Nachdem Cicero darauf hingewiesen hatte, daß im gr. der Artikel fehlt, habe ich selbst nochmals nachgeschaut, und ich war nicht wenig überrascht, daß er dort fehlte, - hatte ich es doch anders in Erinnerung.
Aus philologischer Sichtist damit klar, daß pro multis bzw. für viele die angemessene Übersetzung ist.

Josef Ernst schreib im Kommentar des RNT:
...Wie der Bund Gottes mit seinem Volk Israel im Blut von geopferten Tieren gesiegelt worden ist ..., so der Bund mit dem neuen Gottesvolk durch das Blut Jesu "Im Herrenmahl verdankt sich die Jüngergemeinde als neugeschaffene Bundesgemeinschaft dem Tod Jesu, den Markus offenkundig als 'Bundesopfer' verstand" ....

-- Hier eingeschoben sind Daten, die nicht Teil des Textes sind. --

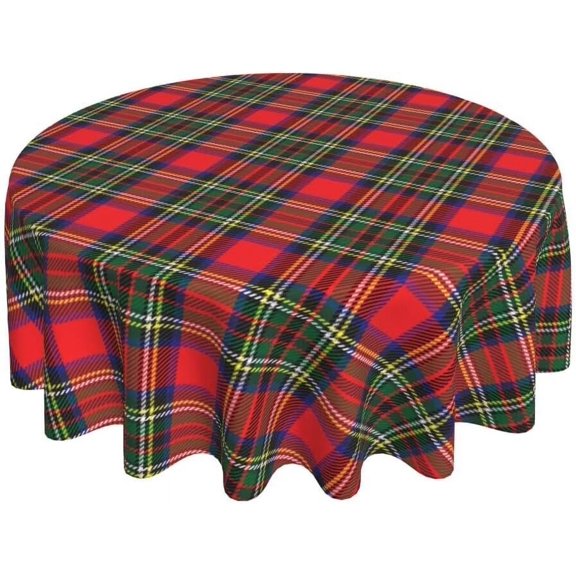 Christmas Tablecloth Round 60 Inch, Red Green Buffalo Plaid Table Cloth Washable Winter Christmas Holiday Table Cover for Home Party Picnic Dinner Decor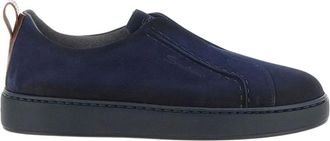 Santoni Victory Slip-On Sneakers - Heren - Schoenen - Blauw - Maat: 44 EU Leer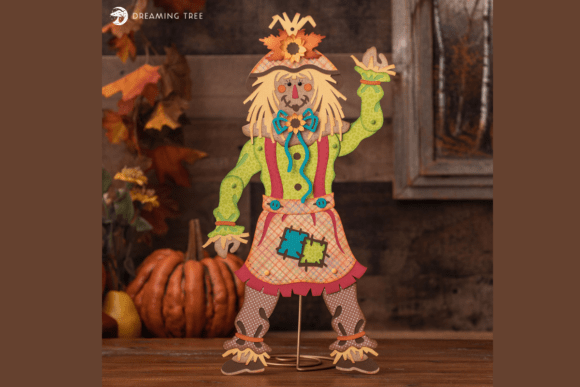 Jointed Mrs. Scarecrow SVG
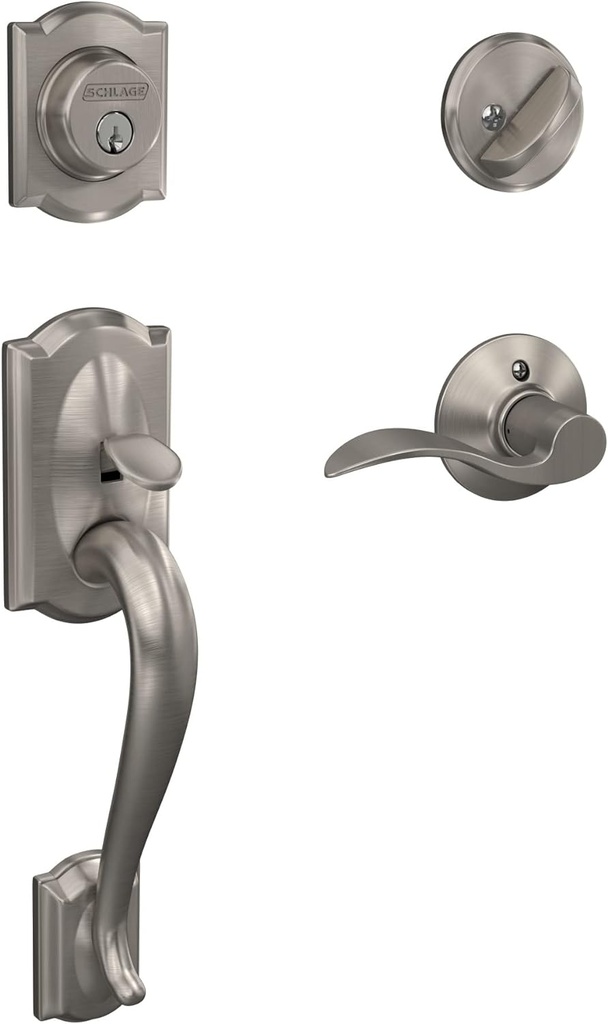 Schlage F60 V CAM 619 ACC Camelot Front Entry Handleset with Accent Lever, Deadbolt Keyed 1 Side, Satin Nickel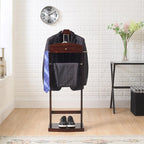 Proman Products Milan Valet Stand with Drawer, Top Tray, Contour Hanger, Trouser Bar, Tie & Belt Hooks and Shoe Rack - VL16226, Dark Walnut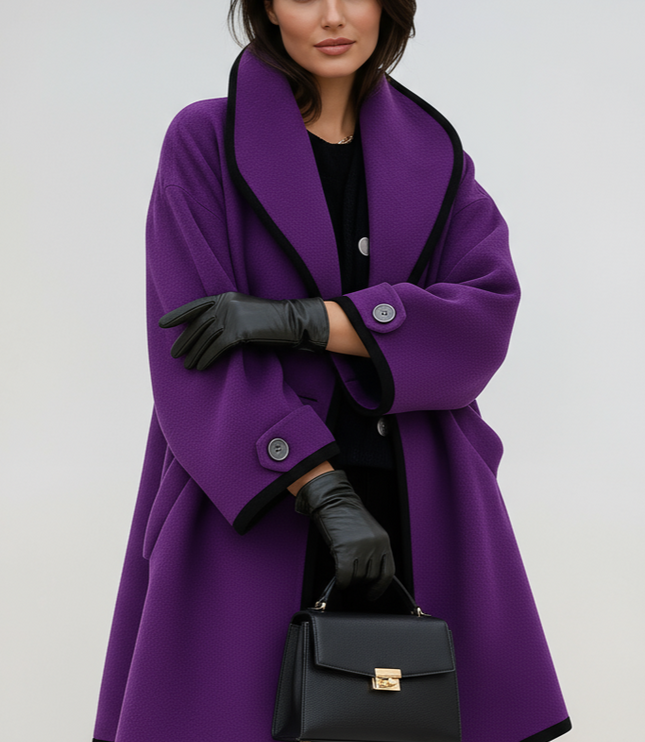 Women's Oversized Contrast Trim Longline Winter Coat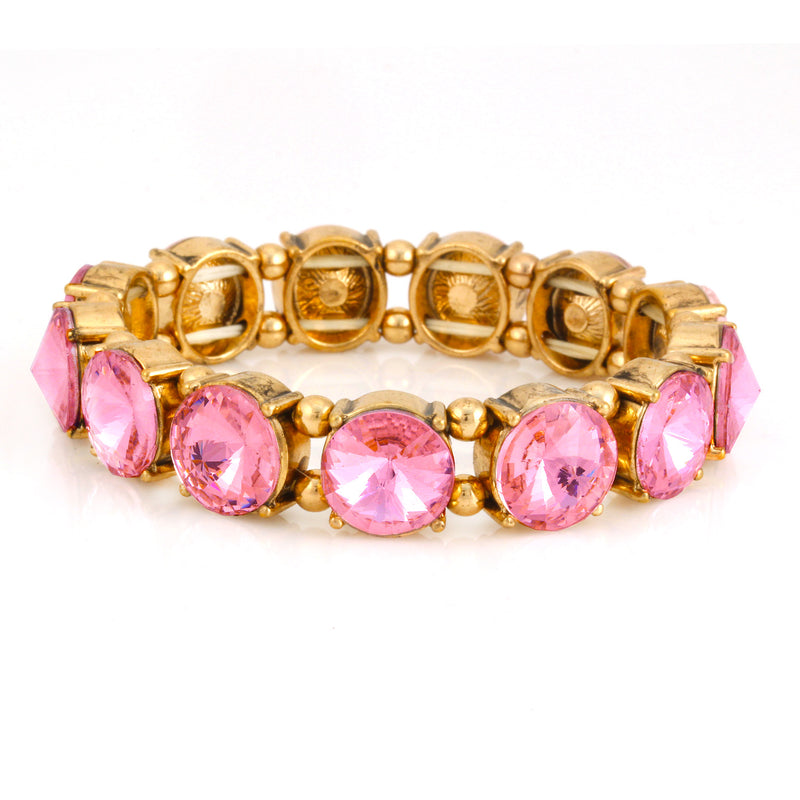 Gold-Tone Metal Pink Crystal Stretch Bracelets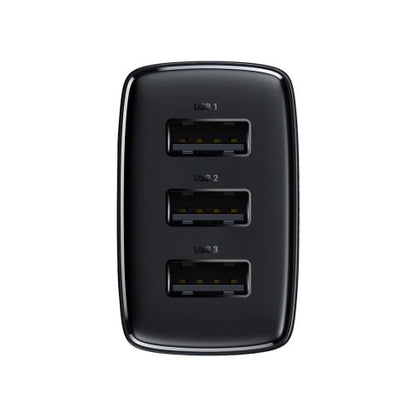 Baseus kelioninis įkroviklis Compact sieninis įkroviklis U+U+U, 17 W (CCXJ020101), juoda spalva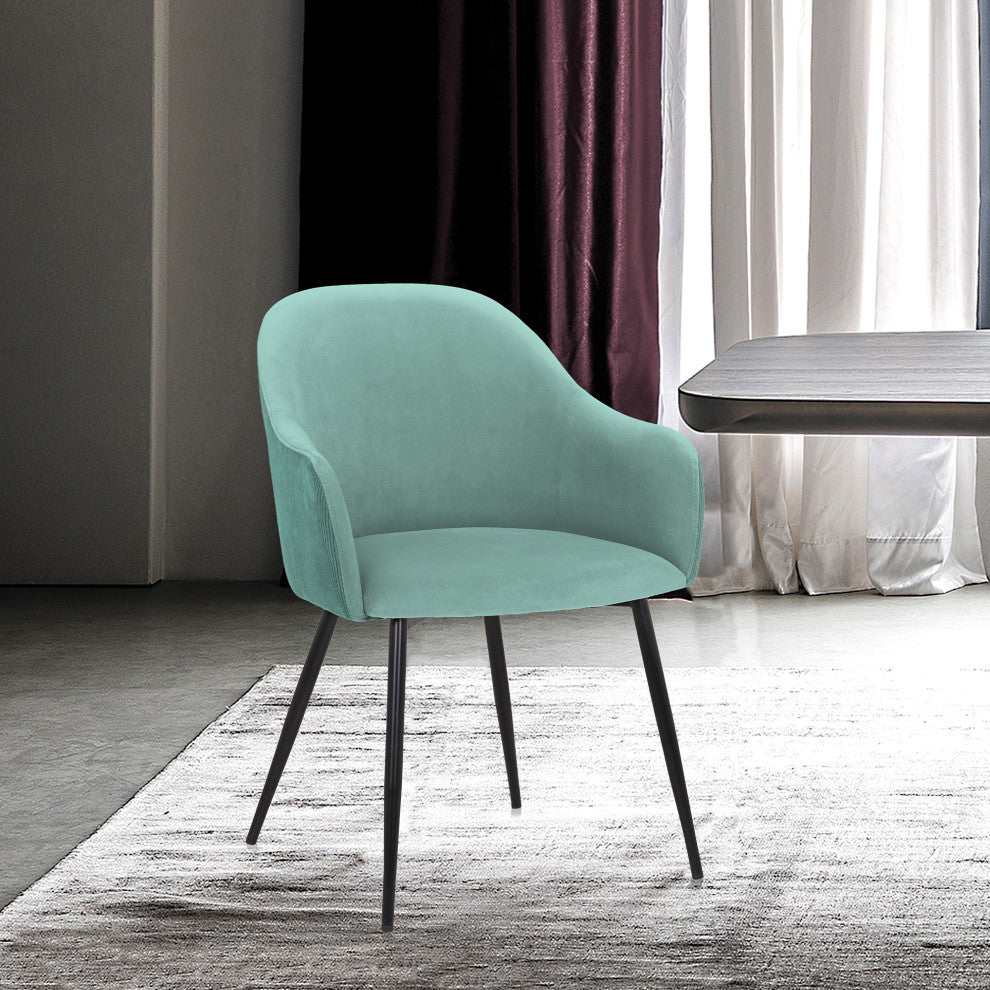 Pixie Fabric Dining Room Chair With Black Metal Legs, Teal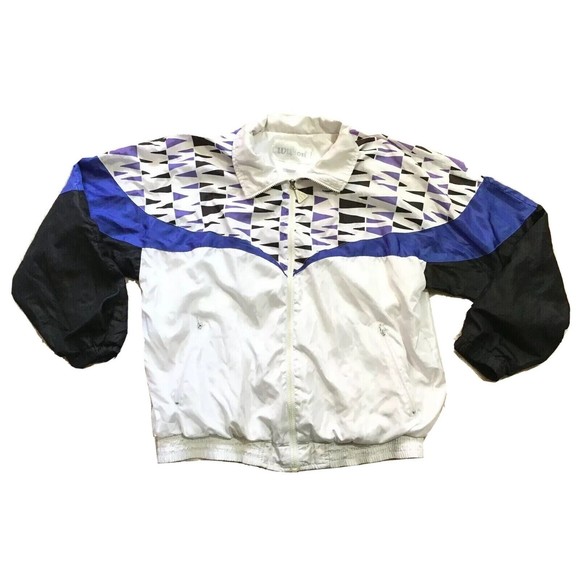 Vintage Wilson Windbreaker Jacket Womens Large L Tennis White Purple Geometric - Picture 3 of 13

Mk hat diesen soteriologischen Aspekt einmal durch das Bild des vergossenen Blutes, das im rabbinischen Verständnis des Bundesschlusses als Sühnehandlung gedeutet worden ist ..., dann aber auch durch die Gottesknechtvorstellung, welche den Stellvertretungsgedanken stärker betont ..., zum Ausdruck gebracht. Ob zusätzlich auch noch die Vorstellung vom leiden Gerechten ... mit hineinspielt, kann angesichts der Unschärfe des Ausdrucks und der nur angedeuteten Sprache nicht mehr ausgemacht werden. Die Sinndeutung des Ausdrucks "viele" muß zunächst sicher von den partikularistischen Denkvoraussetzungen des Gottesknechtsliedes (trotz gegenläufiger Tendenzen!) ausgehen und auf "die Gesamtheit der Sünder Israels" ... bezogen werden. Für Mk liegt freilich trotz der Beibehaltung der archaischen Sprachform ein universeles Verständnis nahe. Bei Paulus und LK noch greifbare Beschränkung auf die Mahlteilnehmer ("für euch") ist durch eine weitergehende Perspektive überholt. Im Blick auf den beherrschenden Bundesgedanken eröffnet sich damit aber eine Ausweitung über das alte Volk der Erwählung hinaus. Daß sich das Selbstverständnis des neuen Gottesvolkes hier niedergeschlagen hat, ist unbestritten. Aber Jesus selbst hat, sofern ihm der Bundesgedanke zuzusprechen ist, über die Grenzen Israels hinausgeblickt. Der Gedanke der Herrschaft Gottes, der in dem Begriff des "Neuen Bundes" (ähnlich wie in dem "Reich Gottes") mitschwingt, setzt auch für Jesus einen umfassenderen Sinn voraus...


Quelle: J. Ernst: Das Ev. nach Markus, 417 (RNT).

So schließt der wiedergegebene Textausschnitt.